Guiné-Bissau: Cooperativismo fortalece apesar da instabilidade política

A Guiné-Bissau deu recentemente um passo importante na organização institucional do seu movimento cooperativo. Desde Janeiro de 2025 foi instituída a Confederação Nacional de Promoção e Desenvolvimento das Cooperativas da Guiné-Bissau (CNPDC-GB), com sede em Bissau e representação territorial por meio de federações nas três províncias do país. A iniciativa marca um novo momento para o cooperativismo guineense, ao buscar articular cooperativas até então dispersas e fortalecer a sua capacidade de actuação coletiva.

A nova estrutura nasce com a missão de organizar, em escala ampliada, serviços de interesse comum para as cooperativas associadas, integrando e orientando suas actividades. Entre os objectivos institucionais estão a difusão da doutrina cooperativista, a prestação de assistência técnica e funcional e a representação das cooperativas perante órgãos governamentais e entidades privadas no país.

Segundo o presidente da Confederação, Mamadu Sarifo Djalo, a iniciativa surgiu da necessidade de fortalecer a representação e a coordenação das cooperativas no país. “Era importante unificar as cooperativas sob uma voz única, capaz de representar os seus interesses e fortalecer o movimento cooperativo em nível nacional”, citado pelo projecto Lusofonia + Cooperativa.

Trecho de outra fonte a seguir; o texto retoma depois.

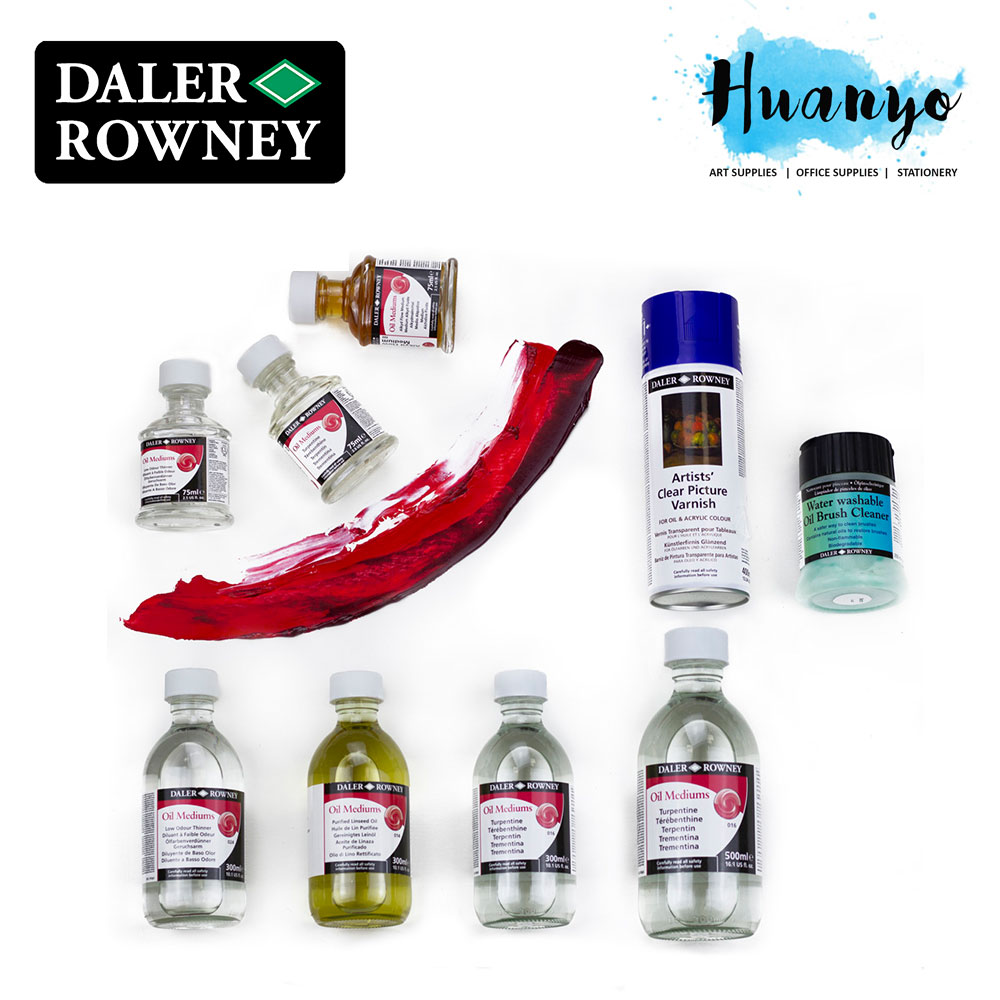Daler Rowney Oil Colour Medium Low Odour Thinner (75ml)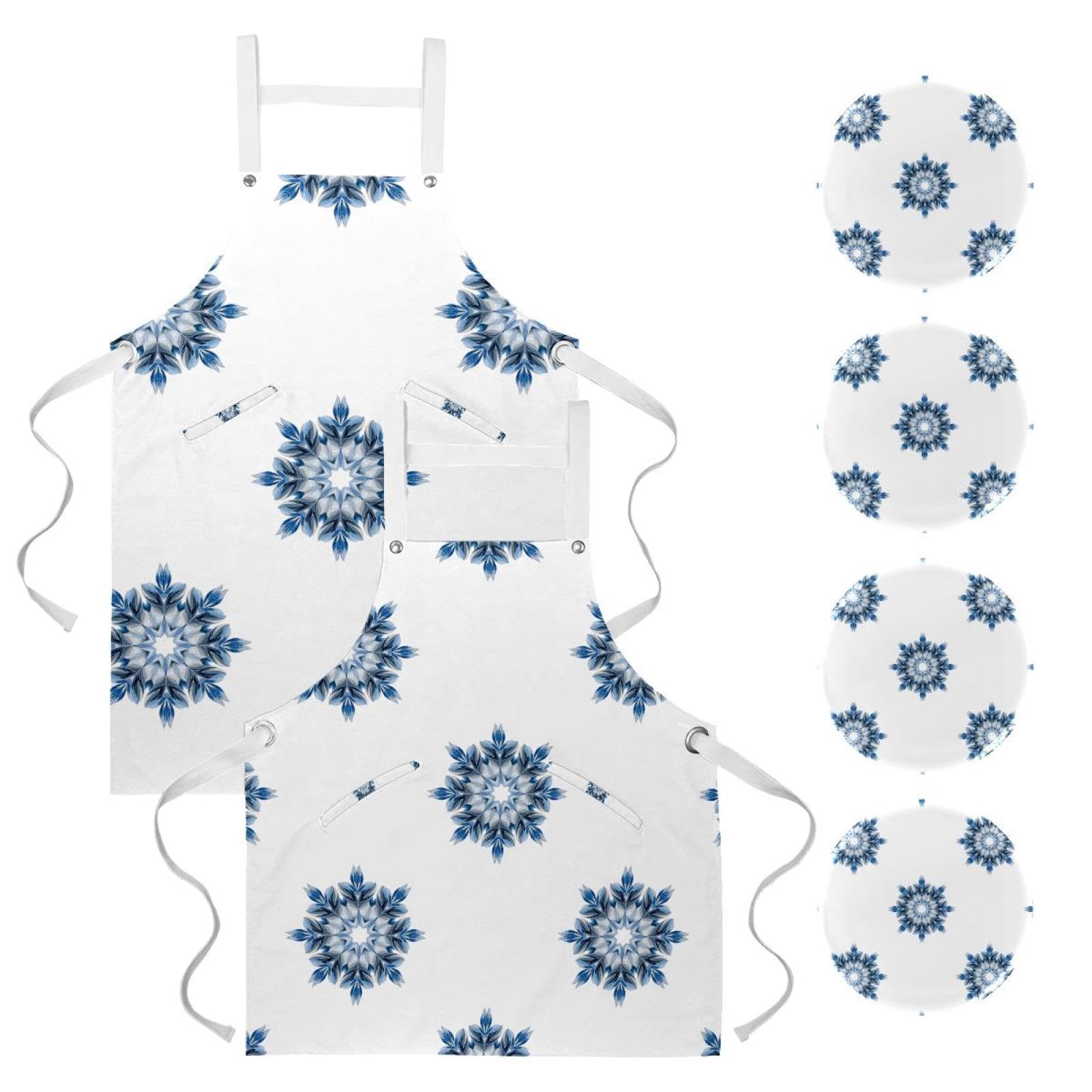 Tablier de cuisine restaurant et bar à taille unique ajustable - 7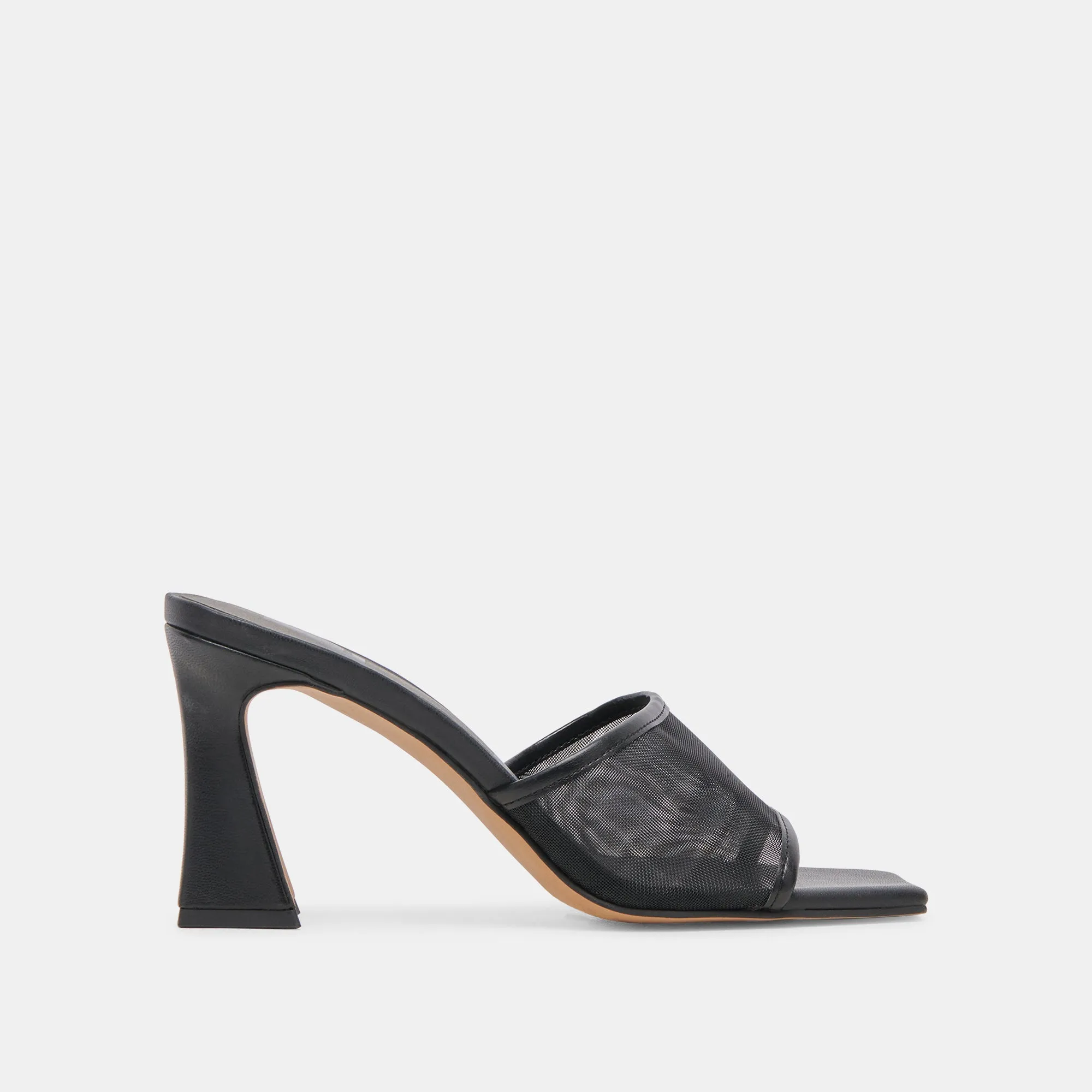 Casual Heels for Work Casual Platform Heels NARDA HEELS ONYX MESH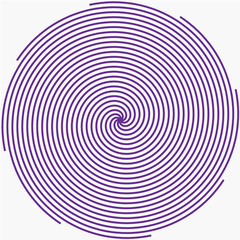 Naklejka spirala abstrakcja sztuka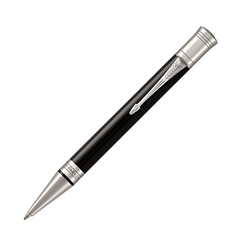 Kemijska olovka Parker Duofold Classic, crno srebrna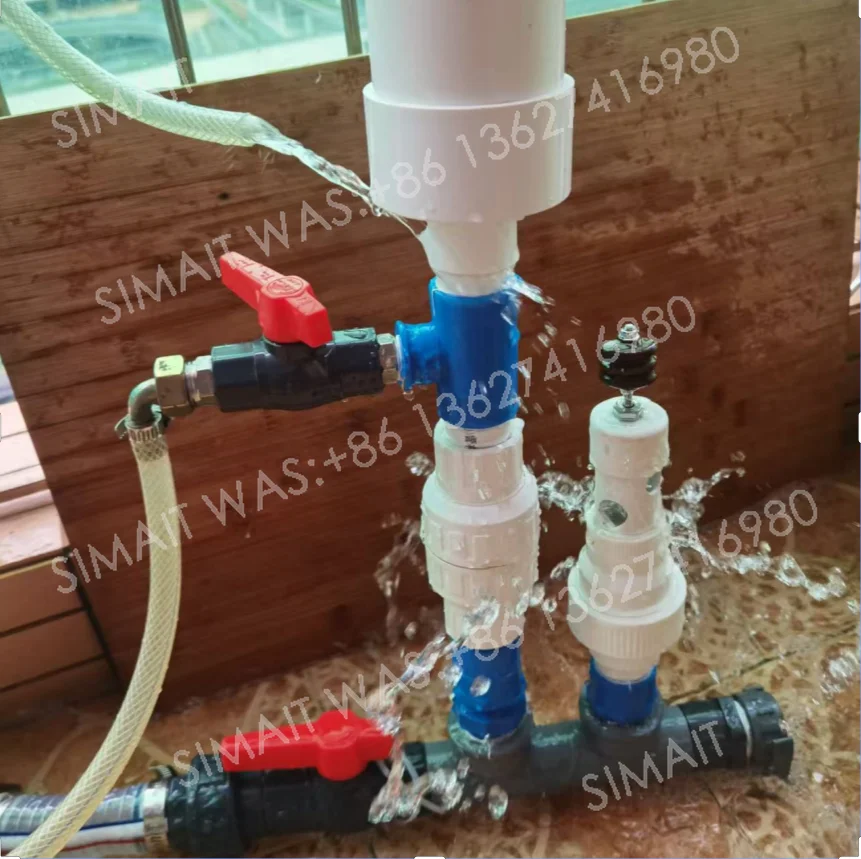 Manual Water Pump, No Electricity Needed, Self-Priming with Water Hammer Prevention, PVC Material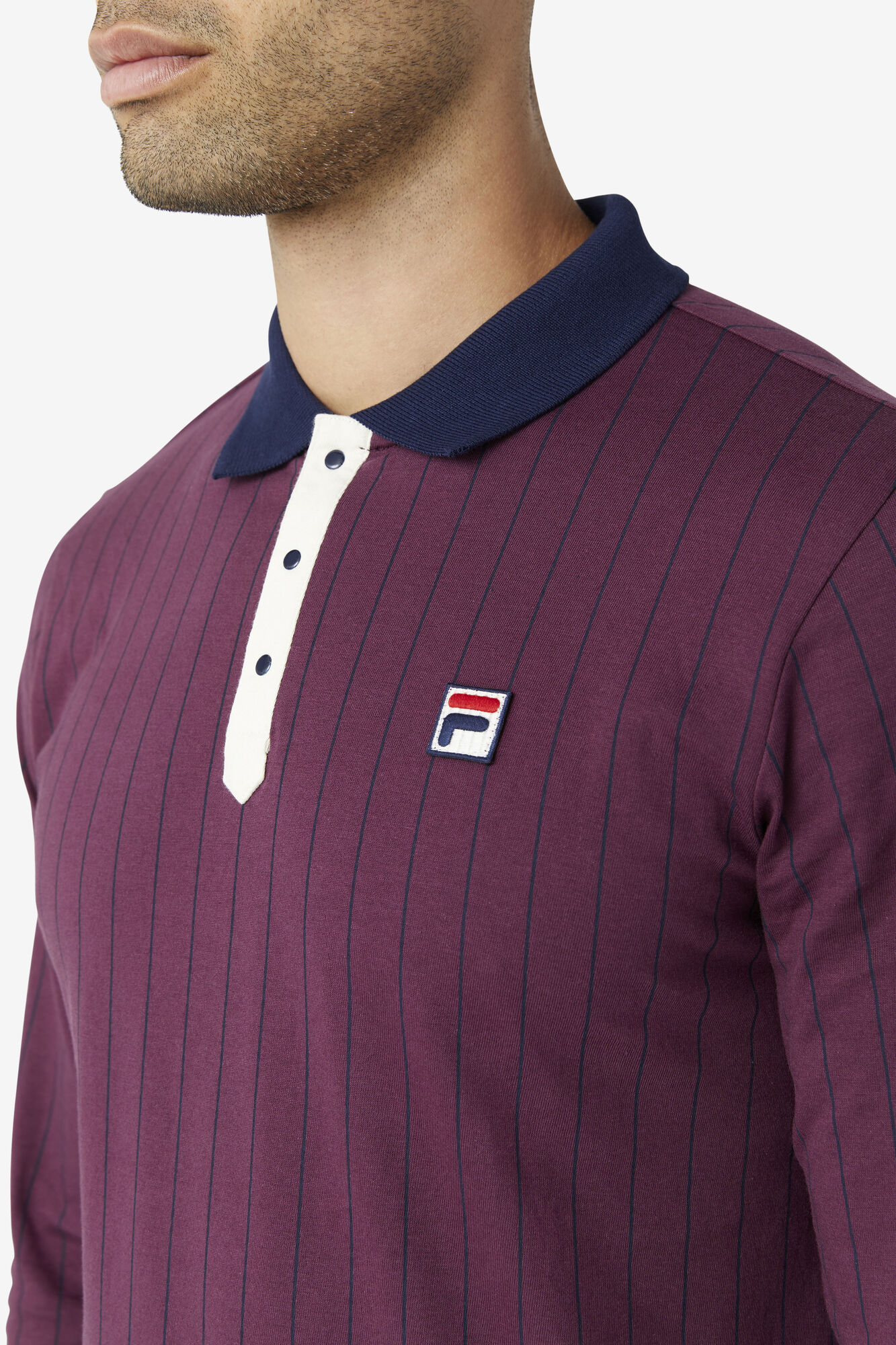 etikette græs synder Bb2 Long Sleeve Men's Polo Shirt | Fila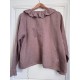 blouse 44928 GUNELL Dust pink linen Size XL Ewa i Walla - 4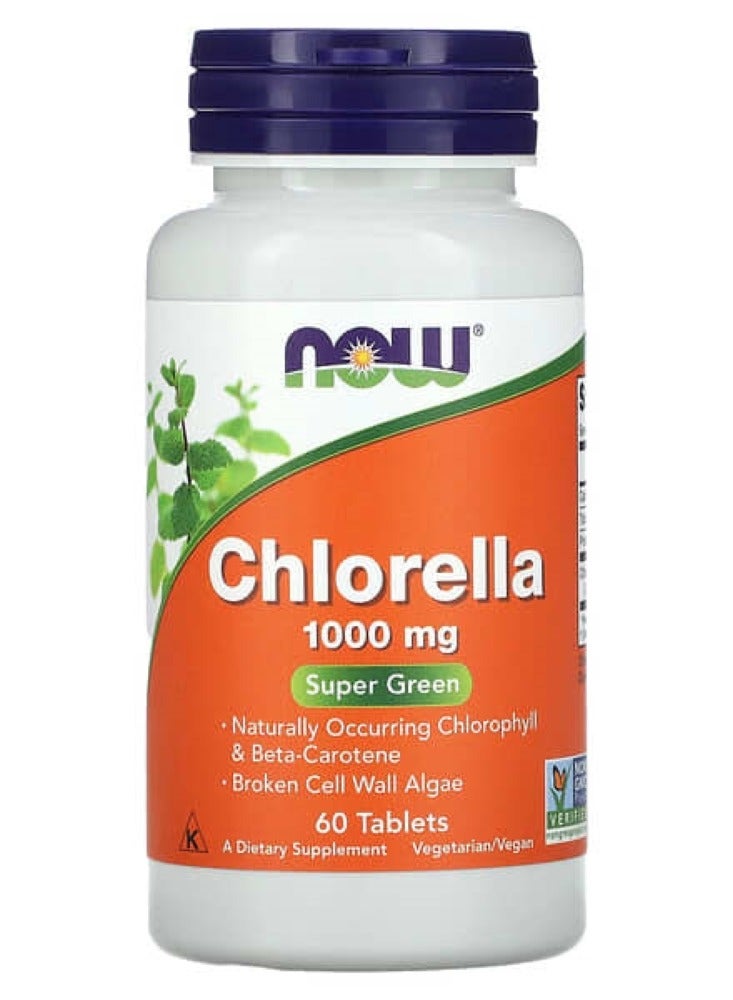 Now Foods Chlorella 1000Mg 60 Tabs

As atividades buscam ampliar as capacidades técnicas e de gestão dos dirigentes e membros das cooperativas, contribuindo para consolidar práticas de governança e gestão mais estruturadas no sector. Outro eixo de actuação refere-se à articulação com instituições financeiras, para facilitar o acesso das cooperativas ao crédito e ao financiamento.

A Confederação também actua na intermediação de serviços de consultoria jurídica e técnica, além de iniciativas de assistência nas áreas de saúde e proteção social voltadas ao quadro social das cooperativas. Paralelamente, desenvolve atividades de monitoramento institucional para fortalecer a identidade cooperativa e assegurar a conformidade com as normas legais vigentes.

O surgimento dessa estrutura ocorre em um contexto nacional marcado por desafios institucionais e instabilidade política recorrente. Nesse cenário, a consolidação de uma organização capaz de articular cooperativas em escala nacional adquire relevância estratégica, ao criar bases de cooperação económica e institucional para produtores e pequenos empreendimentos.

De acordo com Mamadu Sarifo Djalo, o cooperativismo pode desempenhar um papel decisivo na organização da produção e na dinamização da economia rural do país. “Se fortalecermos as cooperativas, estaremos também a fortalecer a economia nacional”, destacou.

As expectativas em relação ao futuro do sector são expressivas. A Confederação projecta o cooperativismo como um instrumento fundamental para organizar produtores e pequenas iniciativas econômicas, facilitar o acesso coletivo a insumos e ampliar a comercialização da produção, sobretudo nas zonas rurais.

Espera-se que esse processo contribua para o crescimento econômico, para o fortalecimento da segurança alimentar e para a geração de empregos, reduzindo o êxodo rural e promovendo o desenvolvimento sustentável das comunidades locais.